Un propriétaire ayant engagé des travaux sur 10 mois peut faire établir deux constats (au début et à mi-parcours du chantier). Lorsqu’il reçoit l’avis de TLV, il est ainsi en mesure de transmettre immédiatement ces pièces : l’administration ne pourra alors que classer le dossier sans engager de démarches supplémentaires.
Un propriétaire peut faire établir un constat dès le démarrage de travaux importants par exemple ou réagir dès la réception d’un avis de taxation. À la réception d’un avis d’imposition, un propriétaire dispose d’un délai de réclamation. S’il mandate immédiatement un commissaire de justice pour constater l’état réel du bien, il se donne les moyens de preuve nécessaires avant l’expiration du délai contentieux.

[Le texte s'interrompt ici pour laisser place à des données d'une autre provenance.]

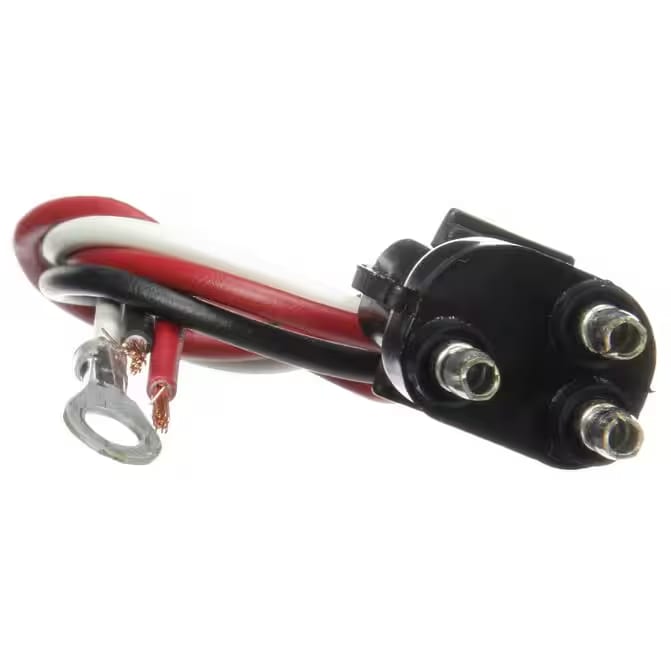 S/T/T PLUG, STRAIGHT PL - 3, STRIPPED END/RING TERMINAL, 11 IN.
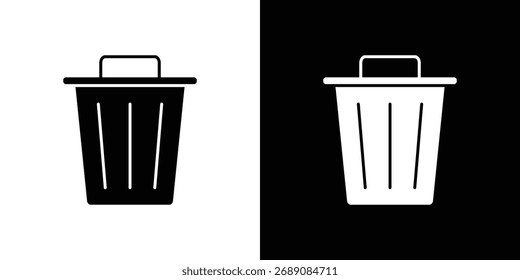 Icono de la papelera. El Vector de silueta negro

Vers une gestion plus sécurisée du patrimoine immobilier
La taxation des logements vacants a été imaginée comme un instrument d’équilibre du marché immobilier. Cependant, par sa complexité et sa logique présomptive, elle peut entraîner des situations injustes. Deux propriétaires dans la même ville peuvent ainsi se retrouver dans des situations radicalement différentes : l’un laisse volontairement un bien vide pour attendre une revalorisation tandis que l’autre subit un chantier imprévu de longue durée. Sans preuve objective, l’administration peut traiter ces deux situations de manière identique. Le commissaire de justice peut apporter alors une solution de sécurisation juridique et fiscale, en transformant une simple affirmation de propriétaire en preuve vérifiable et incontestable.
Face à la complexité du dispositif et à la rigueur des contrôles, le recours au commissaire de justice s’impose comme une démarche à la fois prudente et stratégique garantissant à l’administration une information fiable et au propriétaire une protection juridique solide.